Complete step by step answer:
We know that the area of the plate is $2m\times 1m$which is $2{{m}^{2}}$
And the distance between the plates is (d) = 1mm or ${{10}^{-3}}m$
And we also know that the potential difference is (V) = 300V.
So according to the problem we have to find the capacitance first,
$\text{capacitance=}\dfrac{K{{\xi }_{\circ }}A}{d}$
\[C=\dfrac{7\times 8.85\times {{10}^{-12}}\times 2}{{{10}^{-3}}}\] ,
On solving this we get,
\[C=123.9\times {{10}^{-9}}\].
We know that,
Q=CV
\[Q=123.9\times {{10}^{-9}}\times 300\]
\[Q=371.70\times {{10}^{-7}}\].
We know that charge density for a capacitor is,
$\sigma =\dfrac{\text{charge}}{\text{area}}$
$\sigma =\dfrac{371.70\times {{10}^{-7}}}{\text{2}}$
$\sigma =185.85\times {{10}^{-7}}$,
Therefore the potential gradient of the electric field must be,
$E=\dfrac{\sigma }{2{{\xi }_{\circ }}}$ ,
$E=\dfrac{185.85\times {{10}^{-7}}}{2\times 8.85\times {{10}^{-12}}}$ ,
Which on solving gives,
$E=10.5\times {{10}^{5}}N/C$.
Therefore option D is the correct option.

Note:
We are considering option D as the correct option as it is the nearest to the answer and all the other options are too far from the result.

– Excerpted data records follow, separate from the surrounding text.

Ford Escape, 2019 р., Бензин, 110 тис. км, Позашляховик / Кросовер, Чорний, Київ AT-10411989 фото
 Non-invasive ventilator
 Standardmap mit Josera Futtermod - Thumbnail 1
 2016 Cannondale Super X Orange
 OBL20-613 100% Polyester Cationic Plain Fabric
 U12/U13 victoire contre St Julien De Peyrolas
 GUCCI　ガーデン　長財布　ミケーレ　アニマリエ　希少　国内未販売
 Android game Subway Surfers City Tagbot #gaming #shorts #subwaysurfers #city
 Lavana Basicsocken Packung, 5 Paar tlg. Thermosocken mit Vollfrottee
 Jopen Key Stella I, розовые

Remember to convert all the units into the SI system. The question is solved in many parts. Many formulas were used and the chances of mistakes are more so try to look after the formula one or more times and try to solve it with patience. In the equation $\sigma =\dfrac{\text{charge}}{\text{area}}$, $\sigma $ is the charge density of the capacitor.